Most, if not all, advanced studies these days rely on engineering teams comprised of participants from different consulting firms or from different regional offices of the same company. This provides the opportunity to use specific expert consultants for different parts of the study, rather than simply pulling in a generalized team from a single firm. My recollection is that many years ago large consulting firms would offer to do the entire study in-house, however that has changed and the multi-company approach seems to be the norm. This is partly being driven by the clients who wish to maintain certain consultants that they are familiar with and may have existing relationships.
In some instances, larger firms will still make the argument they can take on more of the project scope themselves. However be careful in such offers because one can end up with less qualified teams seconded from their offices that are not busy. Possibly you won’t get the best team; you may simply get who is available.
In many joint company studies, few of the team members will have ever worked together before and so it’s a team building exercise right from the start.

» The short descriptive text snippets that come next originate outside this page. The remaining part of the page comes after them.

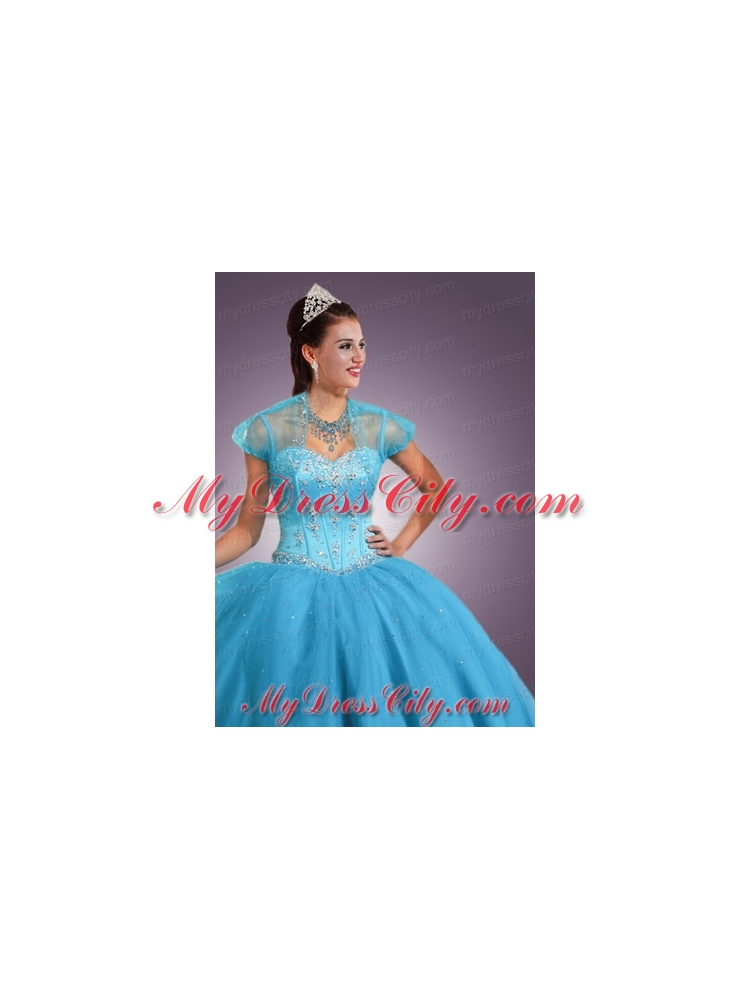 Newest Baby Blue Tulle short Quinceanera Jacket with Beading and Sequins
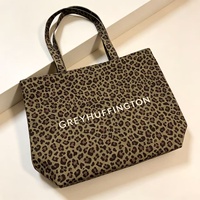 Sac fourre-tout pour femme à imprimé léopard, grande capacité, écologique, en toile de coton, sac de voyage à bandoulière, avec logo personnalisé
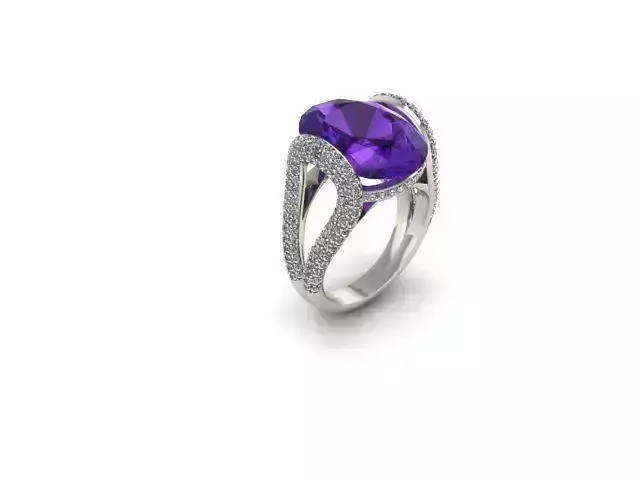 Ring set amethyst and diamond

I have had both good and bad experiences with these types of engineering teams. Some of them work very well while others floundered. Even when using different offices of the same firm, things may not go as planned. Even those teams may not have worked together before.

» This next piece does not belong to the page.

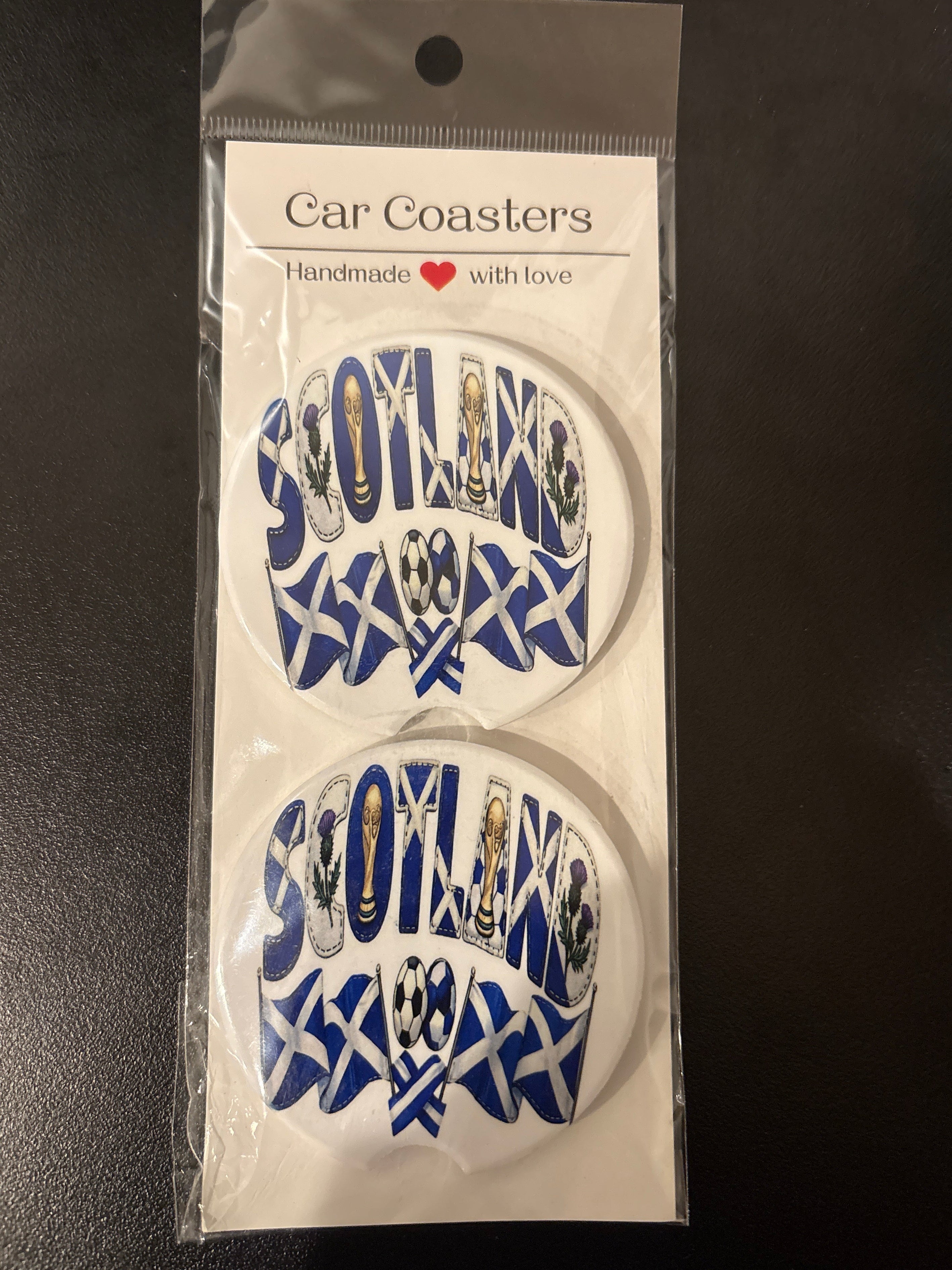 Car Coaster Handmade - Scotland Football - Ceramic, Set of 2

To have a successful study team, in my experience the two key factors are; (1) the competency of the Study Manager; (2) the amount (and style) of team communication.
The Study Manager is vital to keeping everyone working on the same page and making sure timelines are met. (I have another article on the Study Manager role). A single team member delaying their deliverables can then delay others on the team. Some consultants have multiple projects underway at the same time. Unexpected delays in one study may cause them shift onto their other study and it sometimes is difficult to bring the team back onto your project at a moment’s notice.
The Study Manager must also ensure that everyone understands what their deliverables are. Generally this is done using a “Responsibility Matrix”, but these can sometimes be too general. Where cost estimation is involved, the Responsibility Matrix should be supported by a Work Breakdown Structure (“WBS”) where the costing responsibilities are assigned. Given that contentious parts of many studies are the capital and operating cost estimates, I personally view the WBS equally as important as the Responsibility Matrix. (I have another article on the WBS topic).
Team communication is vital and there are different ways to do this. Weekly or bi-weekly conference calls work well but these need to be carefully managed. With a large team on a conference call, there is a fine line between getting into too much technical detail on certain topics versus not enough detail or members won’t understand the nuances of the project.
On some studies I have seen a weekly call restricted to one-hour long and then everyone escapes until next week’s call. At the end of such conference calls, one has a feeling of it being incomplete. Perhaps people were not clear on something but hesitated to ask become the one-hour time is up. In such cases it is important for the relevant parties to continue on or have a separate call.
Make it apparent to everyone that they should speak up if something is not clear to them, regardless of the time remaining.